Recommended End-to-End Flow

Greenfield project

1. /create-prd PRD.md              # capture the product
2. /init-project                   # (after scaffold exists) verify local setup
3. /create-rules                   # generate AGENTS.md once the scaffold is in
4. /plan-feature <first slice>     # plan the first vertical slice
5. /execute .agents/plans/<...>.md # implement it
6. /commit                         # ship it

Existing project, new feature

1. /prime                          # load context
2. /plan-feature <feature>         # produce the plan
3. /execute .agents/plans/<...>.md # implement
4. /commit                         # ship it

Coming back the next day

1. /prime
2. continue from where /execute left off, or start /plan-feature for the next slice

Working with Phases

/plan-feature always structures work into four implementation phases:

  1. Foundation — schemas, types, configuration, helpers.
  2. Core Implementation — business logic, services, models, endpoints.
  3. Integration — wire into existing routers/handlers/middleware/config.
  4. Testing & Validation — unit, integration, edge cases, acceptance.

Inside the phases, every task uses information-dense verbs (CREATE, UPDATE, ADD, REMOVE, REFACTOR, MIRROR) and includes:

  • IMPLEMENT — what to do.
  • PATTERN — the file:line to mirror.
  • IMPORTS — required imports.
  • GOTCHA — constraints to avoid.
  • VALIDATE — an executable command.

/execute follows these top-to-bottom and validates as it goes. If validation fails, it fixes the issue and re-runs before moving on.


Agents and Skills

Beyond the commands above, the flow uses:

Subagents (in .opencode/agents/)

  • codebase-mapper — high-level structural overview of a repo.
  • researcher — best-practice and library research.
  • security-auditor — vulnerability and security review.

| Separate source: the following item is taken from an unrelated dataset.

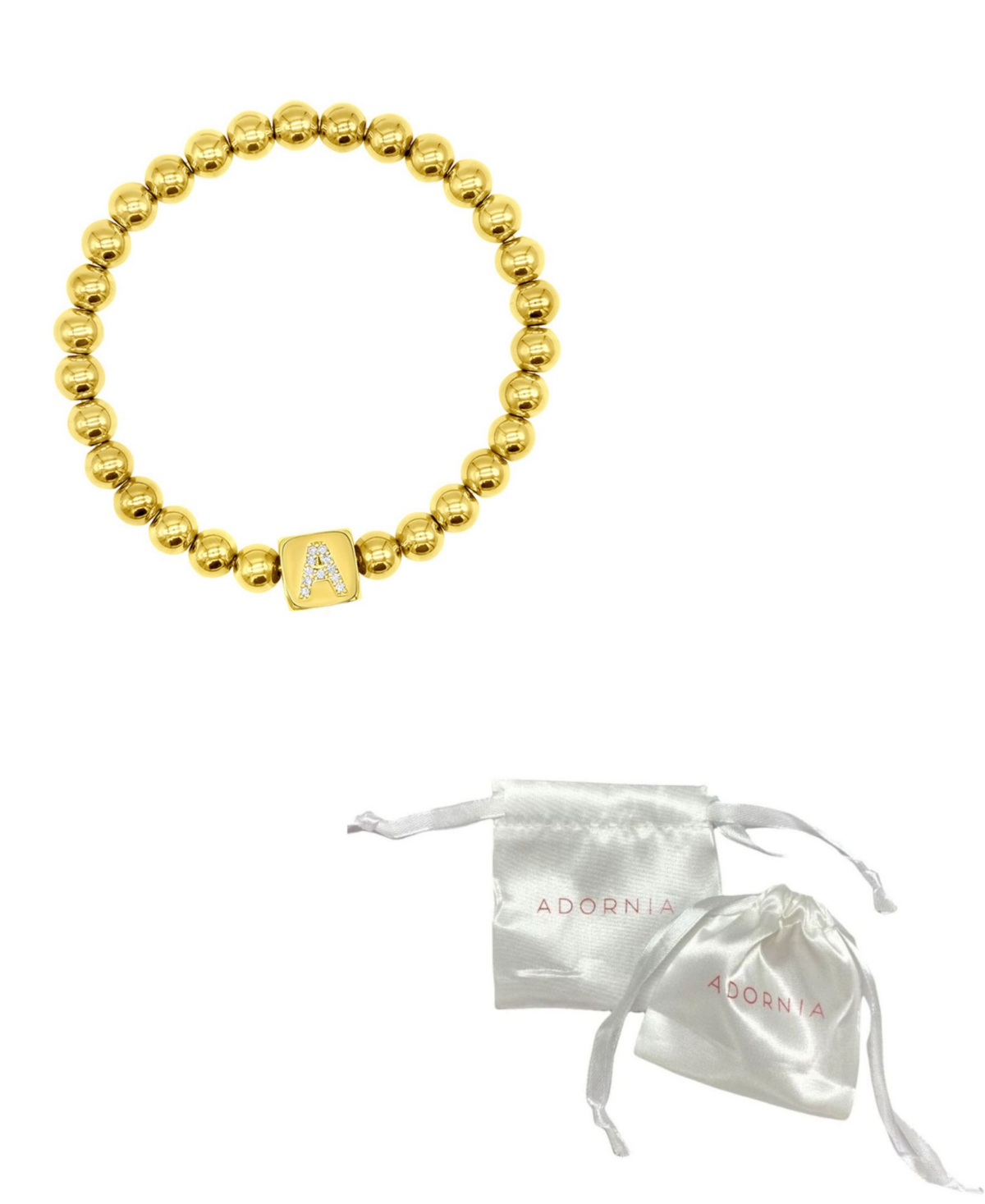 Adornia 14k Gold-plated Initial Cube Stretch Bracelet In Gold- A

Skills (in .opencode/skills/) auto-load when a task matches their description.

  • agent-browser — browser automation, screenshots, form filling, scraping.
  • doc-coauthoring — structured doc-writing workflow.
  • e2e-test — full end-to-end test runs with browser + DB validation.
  • excalidraw-diagram — produce Excalidraw diagrams.

You don't normally invoke these directly — /plan-feature and /execute will pull them in as needed, and skills load automatically.


Tips

  • Keep AGENTS.md short. Link to deeper docs rather than duplicating them.
  • Re-run /create-rules (or hand-edit AGENTS.md) when conventions drift.
  • Treat plans in .agents/plans/ as artifacts — commit them so future sessions can reference them.
  • Don't skip /prime on new sessions. The minute you save is paid back many times over.
  • If a plan feels thin, ask /plan-feature to revise — better to iterate on the plan than to debug a bad execution.